Just in time for Evanston Public Library’s yearlong discussion of Proust, New York’s’ Morgan Library & Museum opened a new exhibition in honor of the 100 year anniversary of Marcel Proust’s Swann’s Way – the first volume in his 7-volume novel À la Recherche du Temps Perdu (Remembrance of Things Past). The materials, being shown for the first time outside of Paris, are on loan from the Bibliothèque Nationale de France. On exhibit are notebooks , doodles and galleys, postcards and photographs, all related to the creation of Swann’s Way. It sounds like a fascinating exhibit, but as New York Times reviewer Edward Rothstein noted: “It would also help, when you visit, not only to have once read the book, but also to have it fresh in your mind. Otherwise you might pick up fragments of knowledge and see some remarkable artifacts, but will not grasp what kinds of processes are on display here.” Marcel Proust and ‘Swann’s Way’: 100th Anniversary is on view at the Morgan Library through April 28. Book your flight now – or just get in the mood with tea and madeleines. Read the entire NYT article here.

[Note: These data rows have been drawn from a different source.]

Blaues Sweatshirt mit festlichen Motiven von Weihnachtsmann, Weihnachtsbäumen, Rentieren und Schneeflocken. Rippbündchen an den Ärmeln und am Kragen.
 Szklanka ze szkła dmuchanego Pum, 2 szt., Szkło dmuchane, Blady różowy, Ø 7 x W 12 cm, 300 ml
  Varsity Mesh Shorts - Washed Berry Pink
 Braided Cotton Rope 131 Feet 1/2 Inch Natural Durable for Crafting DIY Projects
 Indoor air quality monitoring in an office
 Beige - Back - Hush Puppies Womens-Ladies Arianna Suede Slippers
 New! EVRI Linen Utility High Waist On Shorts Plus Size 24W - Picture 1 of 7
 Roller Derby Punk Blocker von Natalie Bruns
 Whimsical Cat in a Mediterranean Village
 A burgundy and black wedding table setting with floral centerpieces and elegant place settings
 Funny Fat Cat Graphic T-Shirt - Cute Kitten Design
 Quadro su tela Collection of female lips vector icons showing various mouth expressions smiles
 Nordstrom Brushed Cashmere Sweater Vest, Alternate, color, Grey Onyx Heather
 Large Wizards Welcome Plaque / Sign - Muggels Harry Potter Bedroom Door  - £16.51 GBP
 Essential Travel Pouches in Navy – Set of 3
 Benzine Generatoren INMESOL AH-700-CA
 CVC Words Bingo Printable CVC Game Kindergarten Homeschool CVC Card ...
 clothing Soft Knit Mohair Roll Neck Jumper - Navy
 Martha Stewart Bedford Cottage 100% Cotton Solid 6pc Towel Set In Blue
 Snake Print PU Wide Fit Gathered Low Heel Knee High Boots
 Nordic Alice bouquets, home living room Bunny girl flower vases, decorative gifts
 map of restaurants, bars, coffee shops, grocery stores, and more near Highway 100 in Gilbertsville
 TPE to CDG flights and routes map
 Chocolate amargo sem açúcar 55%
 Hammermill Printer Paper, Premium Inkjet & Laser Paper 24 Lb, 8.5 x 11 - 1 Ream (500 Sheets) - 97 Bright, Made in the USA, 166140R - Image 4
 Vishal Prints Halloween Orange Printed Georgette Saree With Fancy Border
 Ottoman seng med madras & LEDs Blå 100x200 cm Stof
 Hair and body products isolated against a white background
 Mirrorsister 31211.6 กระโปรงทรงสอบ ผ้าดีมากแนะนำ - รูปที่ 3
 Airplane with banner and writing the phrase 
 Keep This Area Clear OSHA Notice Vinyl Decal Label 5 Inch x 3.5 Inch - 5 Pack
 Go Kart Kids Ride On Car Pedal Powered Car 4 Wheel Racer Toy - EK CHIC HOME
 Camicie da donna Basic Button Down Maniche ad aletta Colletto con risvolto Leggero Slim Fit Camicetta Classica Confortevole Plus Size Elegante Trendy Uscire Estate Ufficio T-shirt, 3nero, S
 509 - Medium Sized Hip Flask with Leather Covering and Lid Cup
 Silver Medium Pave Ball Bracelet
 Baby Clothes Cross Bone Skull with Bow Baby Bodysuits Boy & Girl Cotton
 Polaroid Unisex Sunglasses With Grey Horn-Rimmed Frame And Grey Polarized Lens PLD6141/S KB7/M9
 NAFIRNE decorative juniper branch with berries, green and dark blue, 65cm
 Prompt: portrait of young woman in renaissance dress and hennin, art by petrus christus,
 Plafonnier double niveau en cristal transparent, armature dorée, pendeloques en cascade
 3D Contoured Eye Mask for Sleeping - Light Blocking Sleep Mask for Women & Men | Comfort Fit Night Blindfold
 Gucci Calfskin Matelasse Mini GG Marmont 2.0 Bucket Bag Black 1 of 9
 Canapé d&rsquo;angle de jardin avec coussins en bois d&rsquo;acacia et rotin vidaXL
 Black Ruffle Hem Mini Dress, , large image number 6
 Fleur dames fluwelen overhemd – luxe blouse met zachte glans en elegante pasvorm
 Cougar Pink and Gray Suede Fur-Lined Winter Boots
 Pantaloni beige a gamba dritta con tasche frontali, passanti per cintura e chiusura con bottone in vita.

2 thoughts on “Morgan Library Celebrates Swann’s Way Centennial”
“Jacques became an object of the young Proust’s unrequited love, in Edmund White’s reading, though, interestingly, Proust became close with Jacques’s mother, Geneviève.”
This sentence, when read quickly, gives the impression that Edmund White, not William C. Carter, wrote “Promiscuous Proust.” See http://www.proust-ink.com for Carter’s writings.
Also, in the picture, although you can’t see it, The Morgan Library doesn’t have the books in the correct order: “Albertine disparue” and “Le Temps retrouvé” are reversed.
“Promiscuous Proust” is the first chapter in William C. Carter’s book, “Proust in Love.”
It’s disappointing that Bill Carter wasn’t cited by the New York Times.